_AIM OF THE TASK_
Transcribe the listing below exactly, leaving nothing out.

_DATA SHOWN_
+-------+

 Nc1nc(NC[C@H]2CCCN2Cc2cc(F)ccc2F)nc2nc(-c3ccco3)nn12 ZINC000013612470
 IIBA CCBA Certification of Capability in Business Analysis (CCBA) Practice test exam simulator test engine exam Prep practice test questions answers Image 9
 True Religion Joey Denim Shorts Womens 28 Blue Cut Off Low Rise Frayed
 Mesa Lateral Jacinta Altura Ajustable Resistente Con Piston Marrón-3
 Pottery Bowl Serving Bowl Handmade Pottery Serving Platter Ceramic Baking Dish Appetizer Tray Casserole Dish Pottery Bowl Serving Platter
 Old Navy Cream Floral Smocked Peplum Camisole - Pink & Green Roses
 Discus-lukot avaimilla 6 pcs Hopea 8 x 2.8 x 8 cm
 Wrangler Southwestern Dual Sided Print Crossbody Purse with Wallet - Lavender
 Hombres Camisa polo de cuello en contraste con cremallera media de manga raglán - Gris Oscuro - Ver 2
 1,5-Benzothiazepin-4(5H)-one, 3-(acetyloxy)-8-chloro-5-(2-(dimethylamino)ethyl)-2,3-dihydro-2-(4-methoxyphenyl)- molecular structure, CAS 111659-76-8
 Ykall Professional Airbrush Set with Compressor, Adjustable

+-------+

_WRITTEN SOLUTION_
 Nc1nc(NC[C@H]2CCCN2Cc2cc(F)ccc2F)nc2nc(-c3ccco3)nn12 ZINC000013612470
 IIBA CCBA Certification of Capability in Business Analysis (CCBA) Practice test exam simulator test engine exam Prep practice test questions answers Image 9
 True Religion Joey Denim Shorts Womens 28 Blue Cut Off Low Rise Frayed
 Mesa Lateral Jacinta Altura Ajustable Resistente Con Piston Marrón-3
 Pottery Bowl Serving Bowl Handmade Pottery Serving Platter Ceramic Baking Dish Appetizer Tray Casserole Dish Pottery Bowl Serving Platter
 Old Navy Cream Floral Smocked Peplum Camisole - Pink & Green Roses
 Discus-lukot avaimilla 6 pcs Hopea 8 x 2.8 x 8 cm
 Wrangler Southwestern Dual Sided Print Crossbody Purse with Wallet - Lavender
 Hombres Camisa polo de cuello en contraste con cremallera media de manga raglán - Gris Oscuro - Ver 2
 1,5-Benzothiazepin-4(5H)-one, 3-(acetyloxy)-8-chloro-5-(2-(dimethylamino)ethyl)-2,3-dihydro-2-(4-methoxyphenyl)- molecular structure, CAS 111659-76-8
 Ykall Professional Airbrush Set with Compressor, Adjustable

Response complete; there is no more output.